> **Task requirements**: Would you retype exactly the lines from the one holding "Croquet maillet" through the last line of the listing, and only those, without pictures?

> **Data block**:
-- Opening Marker --
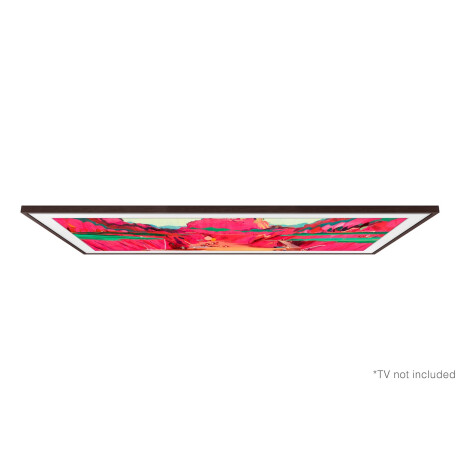 Samsung Marco TV frame 75¨ Brown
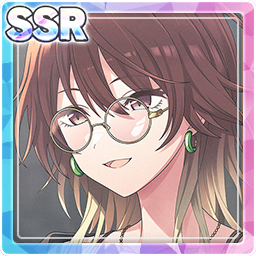 【線伝いに響音】緋田美琴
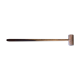 Croquet maillet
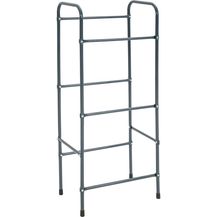 Bild für tectake Stabiles Kistenregal Getränkekistenregal Kastenregal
-- Closing Marker --
> **Task answer**:
 Croquet maillet
 Bild für tectake Stabiles Kistenregal Getränkekistenregal Kastenregal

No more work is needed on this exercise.